_What is required_.
Your answer should be every line of the entries that has the string "Satchel" in it.

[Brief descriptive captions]

____________________

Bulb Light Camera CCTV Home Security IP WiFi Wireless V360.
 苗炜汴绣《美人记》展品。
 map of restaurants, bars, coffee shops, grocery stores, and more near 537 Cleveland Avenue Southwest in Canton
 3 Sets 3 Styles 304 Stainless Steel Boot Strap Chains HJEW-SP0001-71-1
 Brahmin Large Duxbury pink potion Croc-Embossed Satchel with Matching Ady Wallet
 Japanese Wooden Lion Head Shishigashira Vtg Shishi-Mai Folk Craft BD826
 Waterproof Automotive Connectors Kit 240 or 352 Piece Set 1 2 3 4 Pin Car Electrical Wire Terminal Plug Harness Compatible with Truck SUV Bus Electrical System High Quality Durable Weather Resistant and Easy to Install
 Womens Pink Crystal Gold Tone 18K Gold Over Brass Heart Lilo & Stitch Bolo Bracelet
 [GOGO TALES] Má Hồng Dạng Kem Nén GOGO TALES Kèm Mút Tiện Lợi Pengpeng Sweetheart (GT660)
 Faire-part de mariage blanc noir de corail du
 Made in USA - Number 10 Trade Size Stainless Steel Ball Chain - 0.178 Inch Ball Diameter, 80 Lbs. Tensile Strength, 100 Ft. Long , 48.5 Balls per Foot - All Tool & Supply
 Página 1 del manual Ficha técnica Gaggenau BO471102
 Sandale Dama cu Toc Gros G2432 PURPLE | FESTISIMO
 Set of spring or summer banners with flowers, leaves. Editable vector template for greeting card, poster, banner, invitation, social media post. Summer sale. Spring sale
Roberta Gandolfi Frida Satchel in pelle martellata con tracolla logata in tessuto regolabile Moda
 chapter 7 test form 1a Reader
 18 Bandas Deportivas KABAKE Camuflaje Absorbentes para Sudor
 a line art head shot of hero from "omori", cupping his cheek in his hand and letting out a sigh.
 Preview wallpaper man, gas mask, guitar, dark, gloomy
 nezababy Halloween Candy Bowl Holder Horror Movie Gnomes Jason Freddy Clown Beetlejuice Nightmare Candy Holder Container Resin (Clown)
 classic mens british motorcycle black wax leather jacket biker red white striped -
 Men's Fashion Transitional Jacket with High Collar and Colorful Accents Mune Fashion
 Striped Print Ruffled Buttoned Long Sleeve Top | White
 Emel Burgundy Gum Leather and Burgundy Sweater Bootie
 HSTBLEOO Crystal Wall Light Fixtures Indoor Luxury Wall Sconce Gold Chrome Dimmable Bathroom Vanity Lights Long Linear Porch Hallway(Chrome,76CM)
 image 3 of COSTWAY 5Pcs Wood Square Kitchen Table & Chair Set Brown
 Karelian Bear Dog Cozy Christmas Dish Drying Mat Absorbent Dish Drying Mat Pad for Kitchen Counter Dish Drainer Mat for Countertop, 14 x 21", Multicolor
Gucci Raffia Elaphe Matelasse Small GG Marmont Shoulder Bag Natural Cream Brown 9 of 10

____________________

_Response_.
 Brahmin Large Duxbury pink potion Croc-Embossed Satchel with Matching Ady Wallet
Roberta Gandolfi Frida Satchel in pelle martellata con tracolla logata in tessuto regolabile Moda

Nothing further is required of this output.